As I watched the Obama/Romney debate unfold, I was reminded of The Great Debate of 1960 between Sen. John F. Kennedy and Vice President Richard M. Nixon. It’s too bad that President Barack Obama’s prep team didn’t have it in mind.
In 1960 the Nixon/Kennedy presidential debate afforded the voters the first opportunity to see their candidates in action and the visual contrast was dramatic. The session was about domestic politics as was this present skirmish. Mr. Nixon was in an ill-fitting shirt and he refused makeup to improve his sallow complexion and to erase a perpetual “five o’clock shadow.” By contrast, Mr. Kennedy appeared energetic and well-rested.
For those deprived of a visual cue, radio listeners declared Mr. Nixon the winner of the debate. But the 70 million who tuned in to watch, overwhelmingly, declared Mr. Kennedy as the victor. Television viewers focused on what they saw, not necessarily on what they heard. History repeated itself again Wednesday. Mr. Romney appeared charismatic and in control, while Mr.
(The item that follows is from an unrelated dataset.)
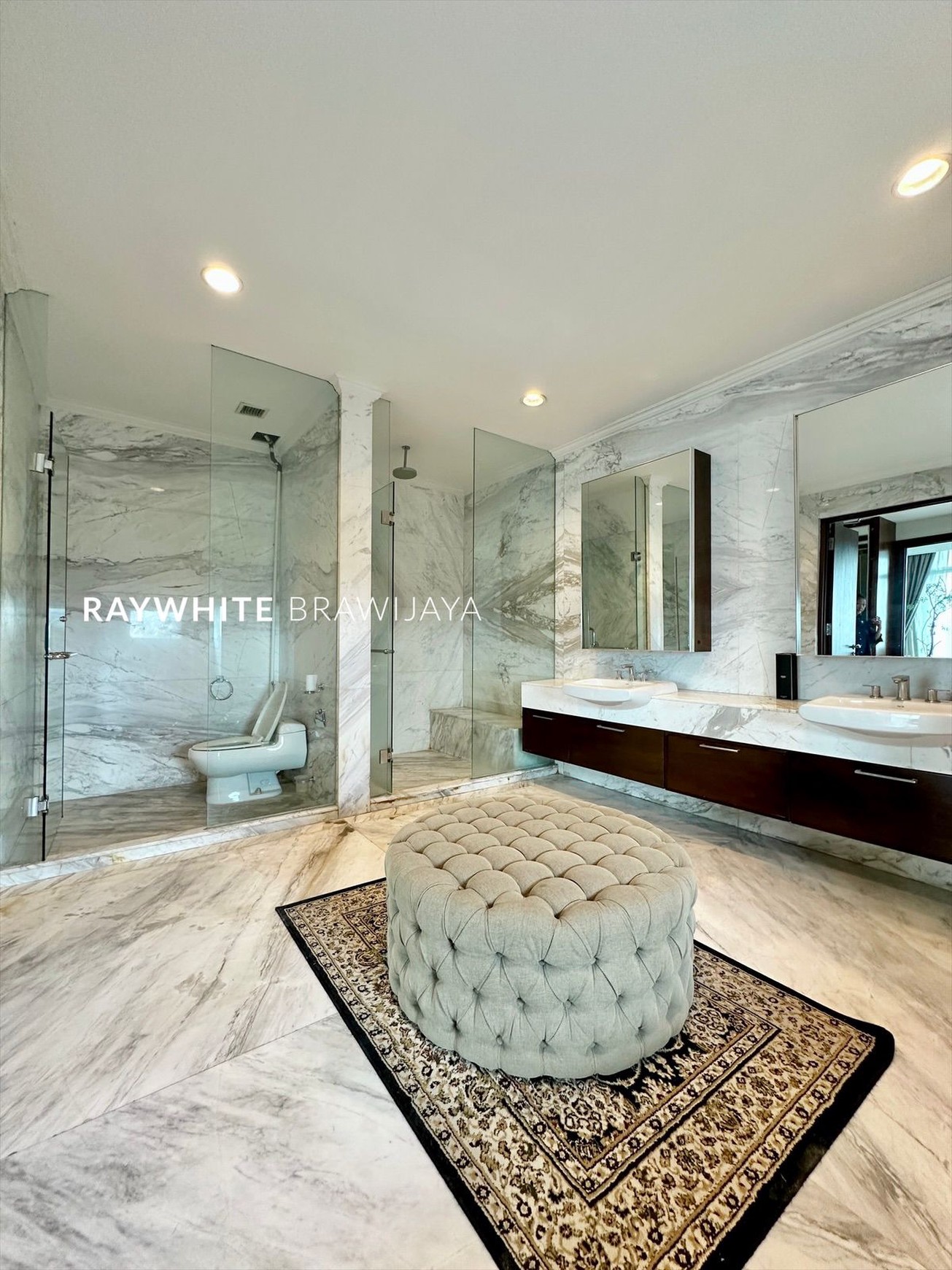 Essence Darmawangsa East Towe City View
Obama looked like he really wanted to be at dinner instead of on stage for his 20th wedding anniversary celebration.
The optics for Obama were all wrong. His podium was not central to the camera shots. He always was akimbo when he was answering questions. The camera shots of Mr. Romney had him turned up front and center to the camera. The total effect made the President look evasive, while Mr. Romney was answering “dead on.” The Obama team clearly is at fault for not vetting the camera angles.
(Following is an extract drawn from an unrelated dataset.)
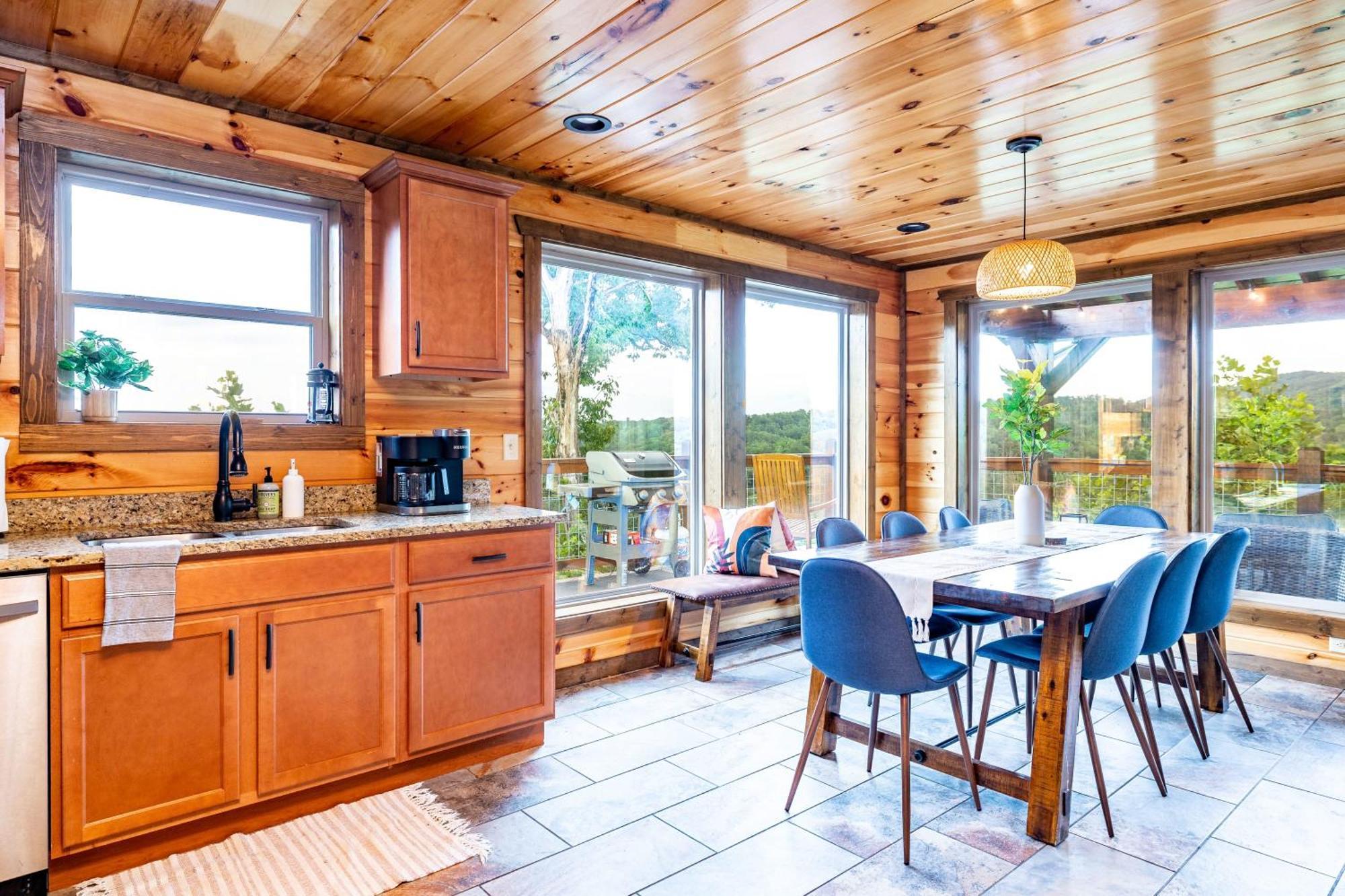 The Solstice - Amenities Galore Mountain Retreat 개틀린버그 외부 사진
The “ums” and “ahs” didn’t help Mr. Obama, even with the radio crowd. Reading the transcripts of the debate only might have helped voters conclude that it was a “draw.” CBS and CNN did split screens. The Republican challenger looked at the president and Mr. Obama’s downward glance at his notes for much of the debate made it look like he was disengaged and furtive.
Mr. Romney’s approach of being both a candidate and the moderator on occasion gave him an “in-charge” persona. Mr. Obama was too meek and appeared to be on the ropes. He missed many opportunities to pin Mr. Romney to specifics or outright pivots in his position. The Democrat president was far too defensive in his answers. He even sounded a bit whiny when he talked about not promising to be a perfect president, a promise that his opponent probably thought was one he kept.
The atmospheric tone of the debate hurt Mr. Obama, perhaps irreparably. Granted, there are two more debates but this one was on domestic issues. The content of this debate was stage center for the voting public. While foreign affairs, for example, which is the subject of a subsequent debate is vitally important, folks are more interested in the impact of the presidency on their lives. Foreign policy invariably also impacts the quality of life for citizens and job growth, but the public has a hard time understanding this nexus. Bread-and-butter issues on the home front are easier for them to understand.
It wouldn’t surprise me if you see Mitt Romney spurt ahead in the polls and most of the swing states. The momentum on his side will be hard for Obama to derail, now that the president’s train ran off the track.